(Web page caption snippets)
• • • •

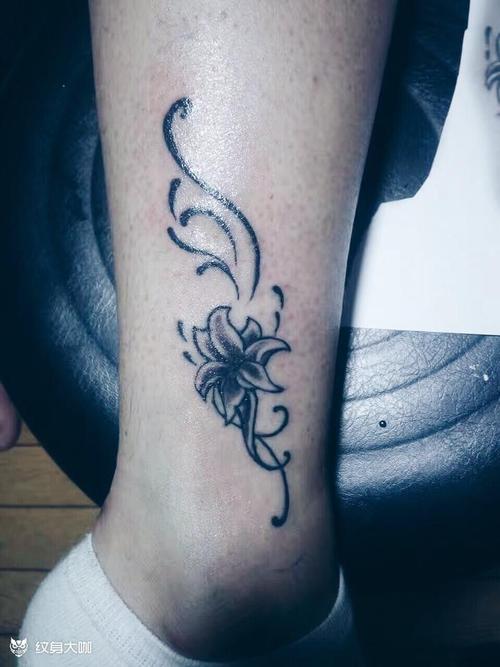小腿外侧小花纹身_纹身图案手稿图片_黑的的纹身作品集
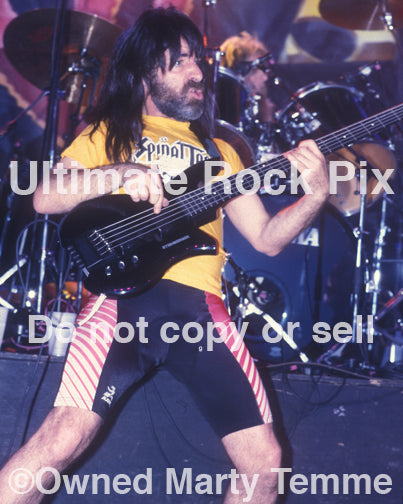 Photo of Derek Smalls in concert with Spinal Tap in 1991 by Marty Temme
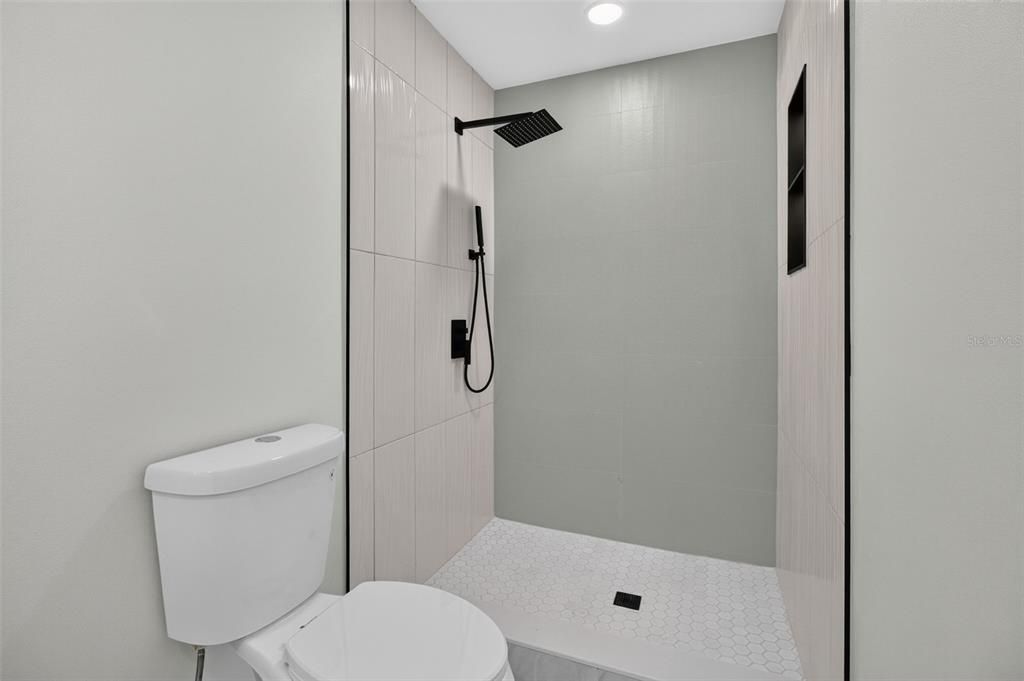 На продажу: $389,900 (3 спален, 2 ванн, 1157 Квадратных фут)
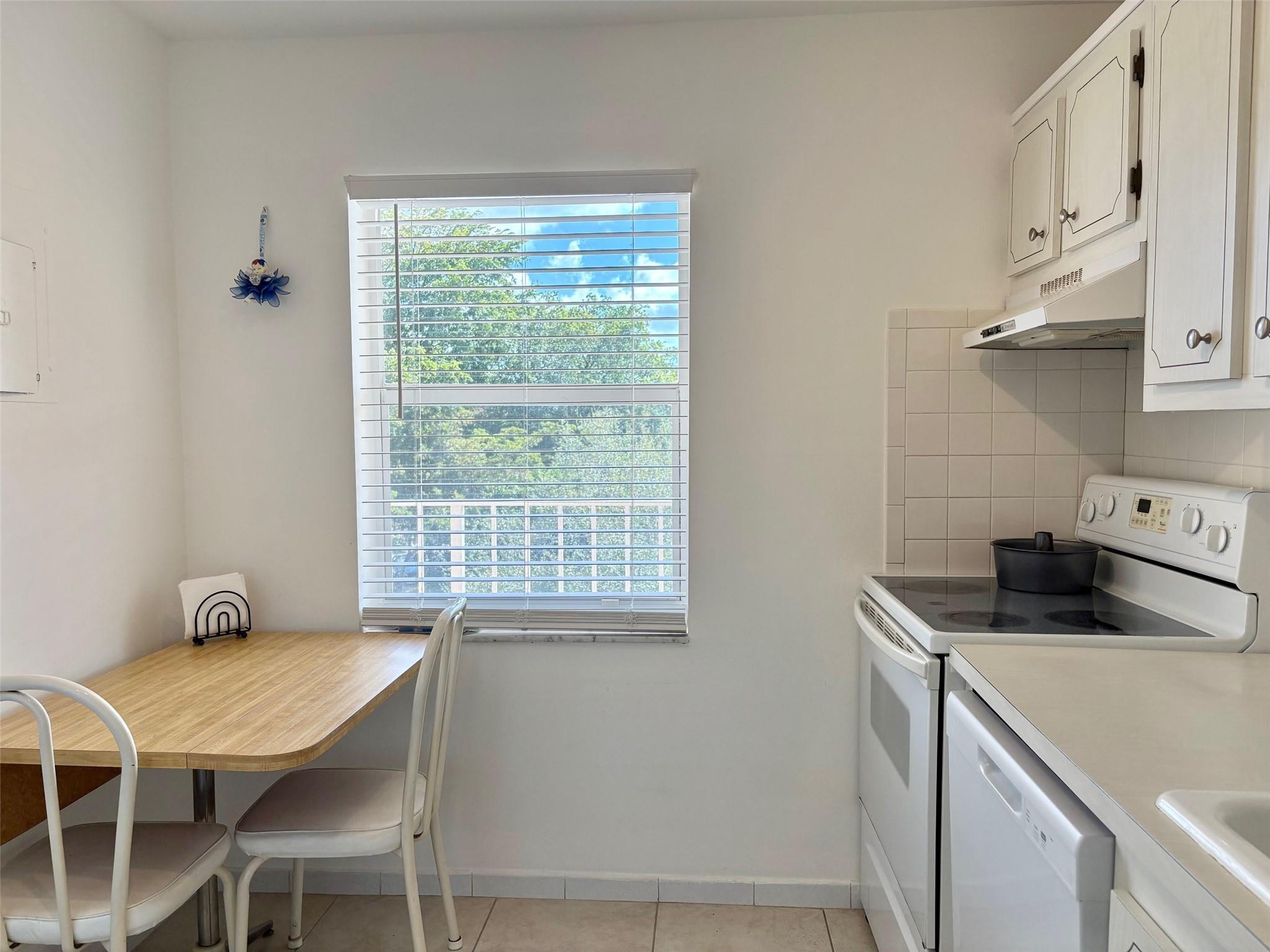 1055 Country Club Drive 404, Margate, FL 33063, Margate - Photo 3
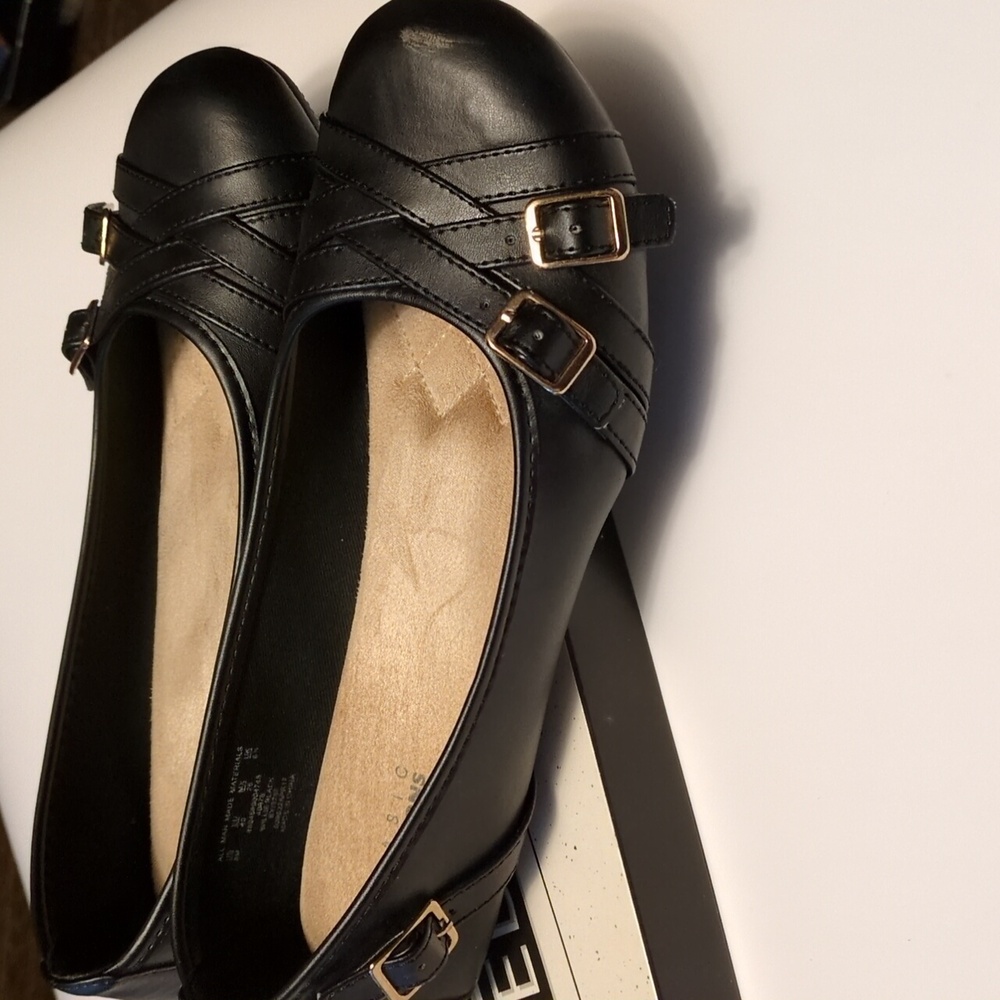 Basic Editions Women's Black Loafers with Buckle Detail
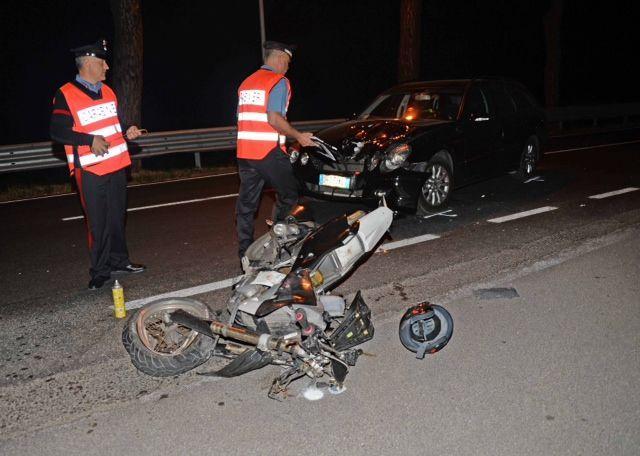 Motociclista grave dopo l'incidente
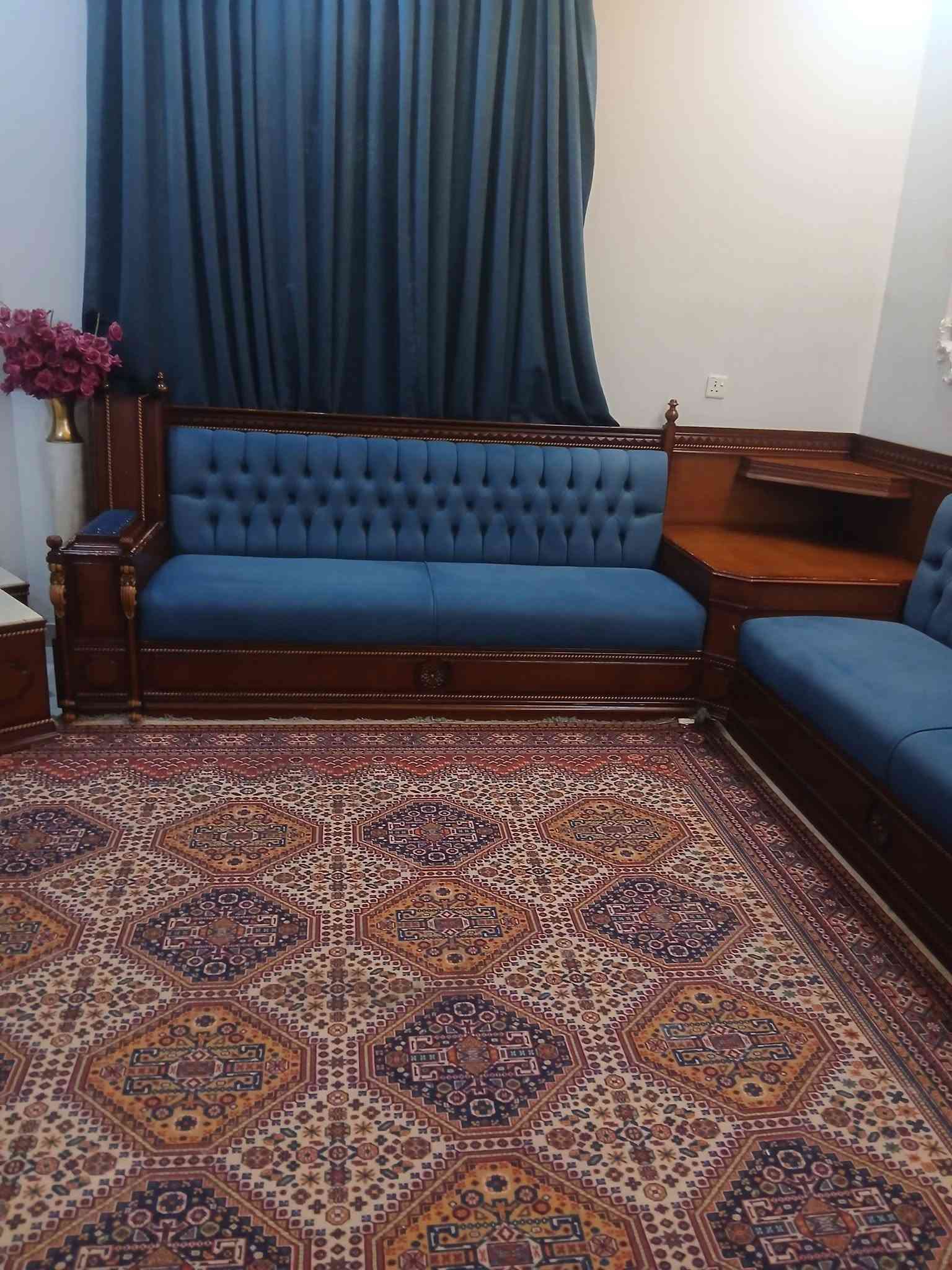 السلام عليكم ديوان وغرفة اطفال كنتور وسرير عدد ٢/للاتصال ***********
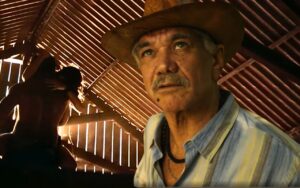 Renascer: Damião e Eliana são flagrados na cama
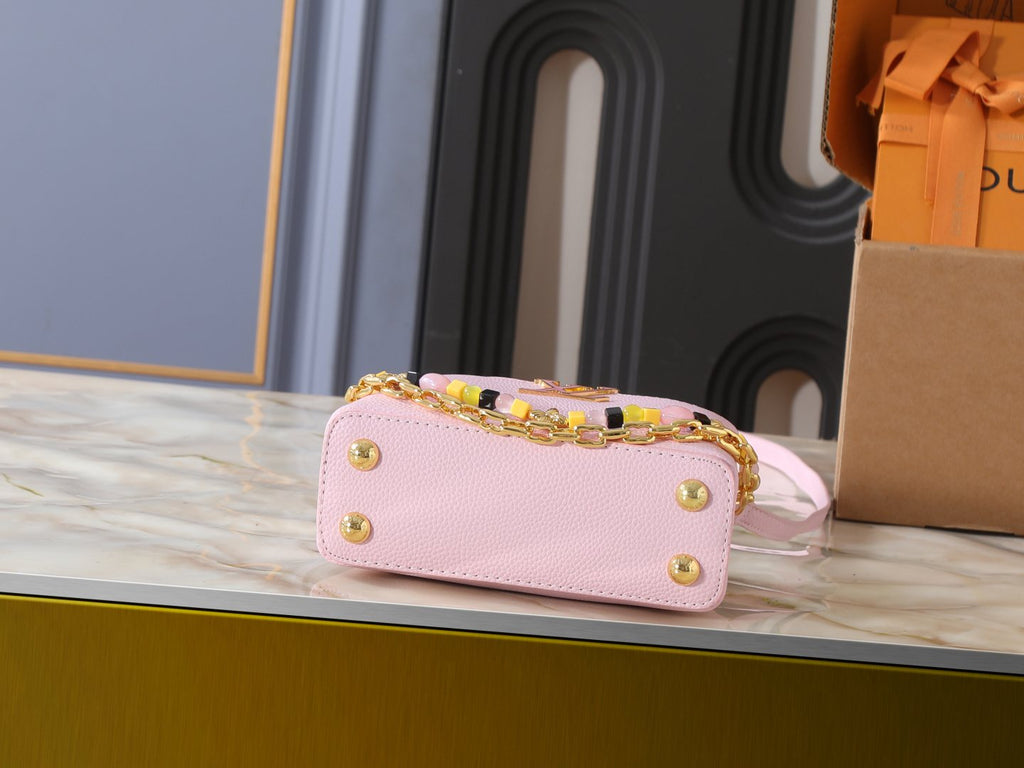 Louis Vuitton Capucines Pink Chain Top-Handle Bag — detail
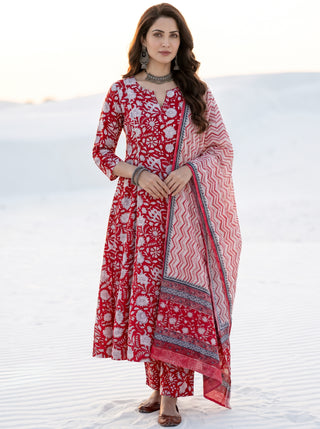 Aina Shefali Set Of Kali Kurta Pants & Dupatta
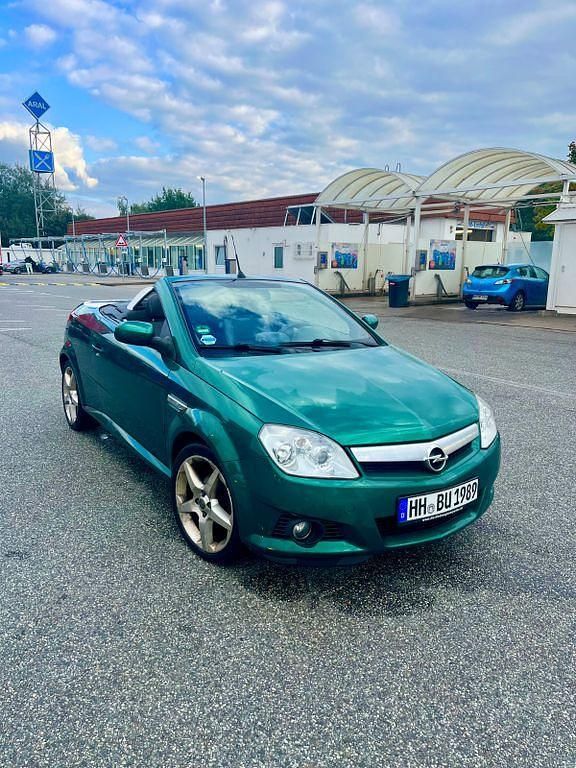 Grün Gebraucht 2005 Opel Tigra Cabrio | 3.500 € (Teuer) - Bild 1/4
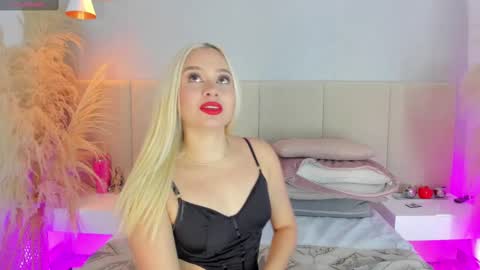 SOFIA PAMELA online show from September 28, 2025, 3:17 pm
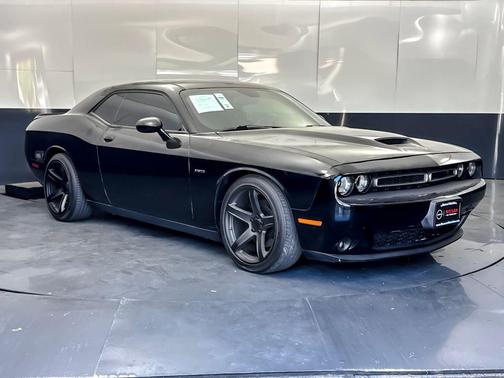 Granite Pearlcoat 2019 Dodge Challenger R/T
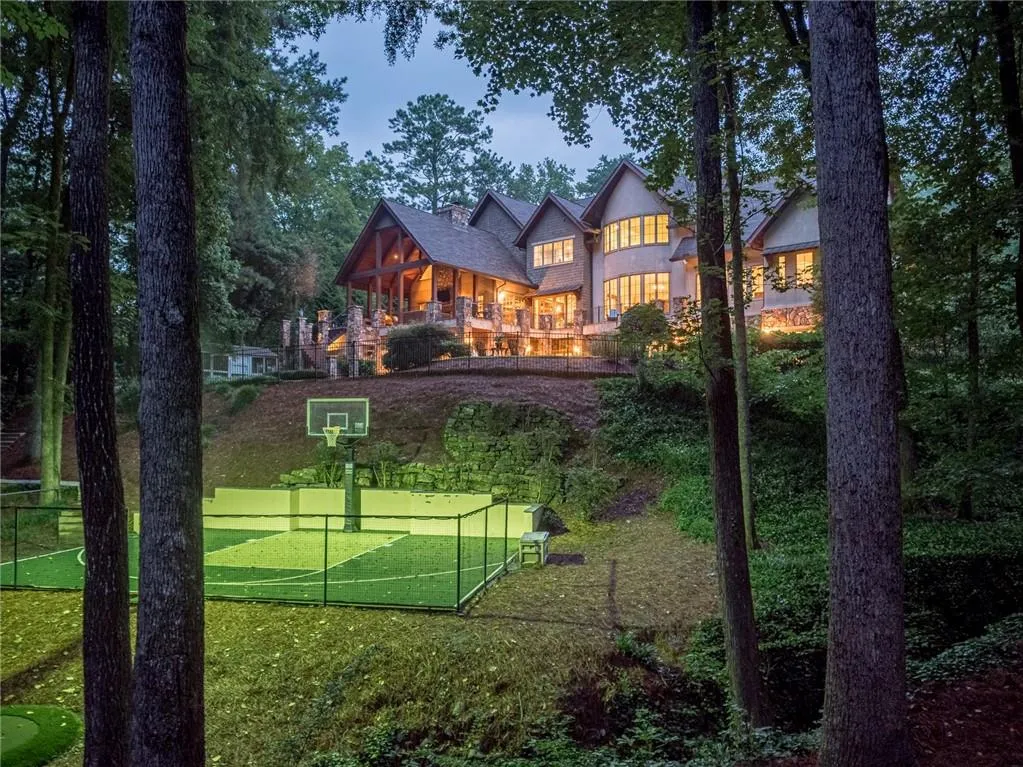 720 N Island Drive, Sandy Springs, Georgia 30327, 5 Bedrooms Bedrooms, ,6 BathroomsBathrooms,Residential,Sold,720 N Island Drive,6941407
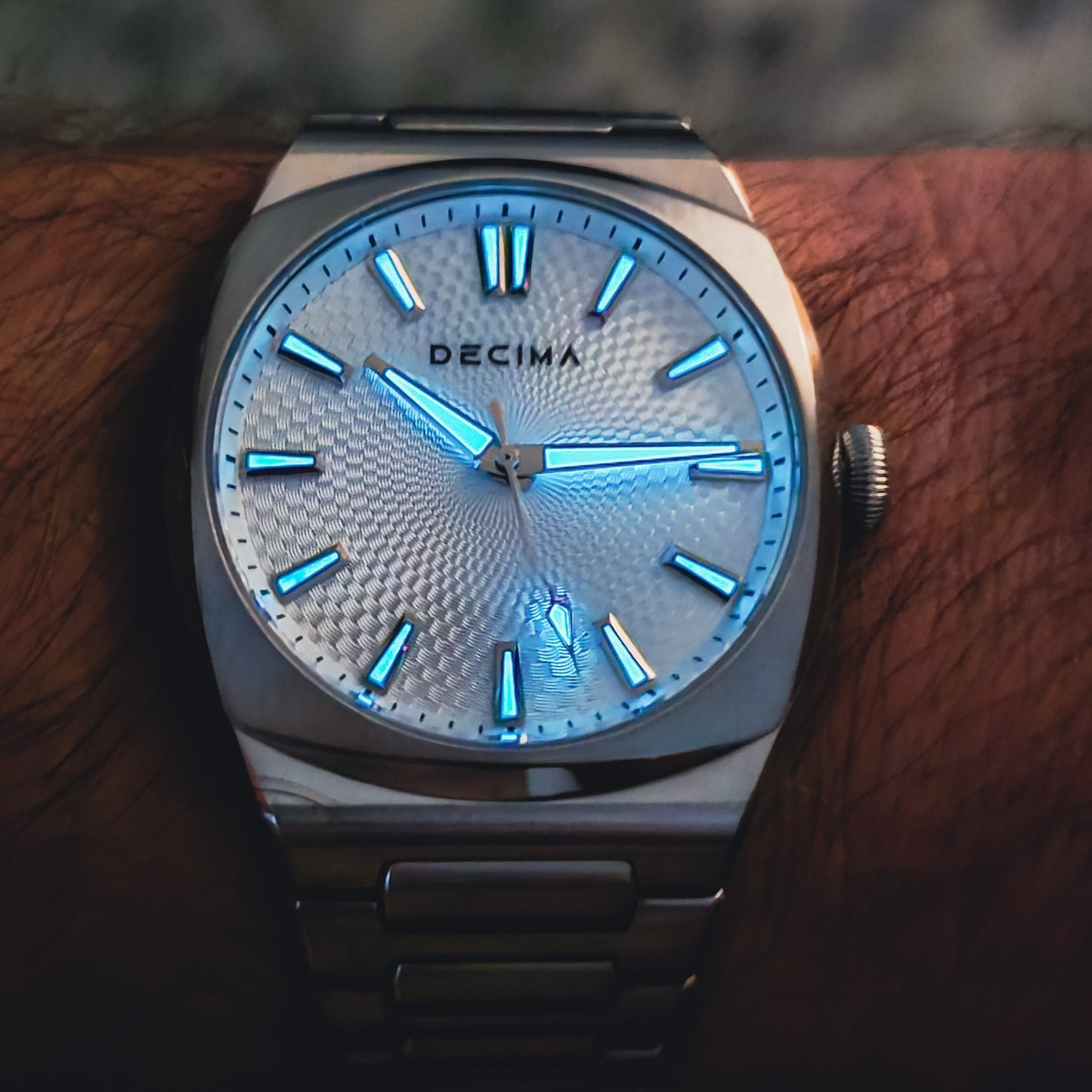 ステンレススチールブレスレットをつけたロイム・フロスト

• • • •

What to do >> Restate the records in full and word for word, but keep the pictures out.

Result of the exercise >>
小腿外侧小花纹身_纹身图案手稿图片_黑的的纹身作品集
 Photo of Derek Smalls in concert with Spinal Tap in 1991 by Marty Temme
 На продажу: $389,900 (3 спален, 2 ванн, 1157 Квадратных фут)
 1055 Country Club Drive 404, Margate, FL 33063, Margate - Photo 3
 Basic Editions Women's Black Loafers with Buckle Detail
 Motociclista grave dopo l'incidente
 السلام عليكم ديوان وغرفة اطفال كنتور وسرير عدد ٢/للاتصال ***********
 Renascer: Damião e Eliana são flagrados na cama
 Louis Vuitton Capucines Pink Chain Top-Handle Bag — detail
 Aina Shefali Set Of Kali Kurta Pants & Dupatta
 Grün Gebraucht 2005 Opel Tigra Cabrio | 3.500 € (Teuer) - Bild 1/4
 SOFIA PAMELA online show from September 28, 2025, 3:17 pm
 Granite Pearlcoat 2019 Dodge Challenger R/T
 720 N Island Drive, Sandy Springs, Georgia 30327, 5 Bedrooms Bedrooms, ,6 BathroomsBathrooms,Residential,Sold,720 N Island Drive,6941407
 ステンレススチールブレスレットをつけたロイム・フロスト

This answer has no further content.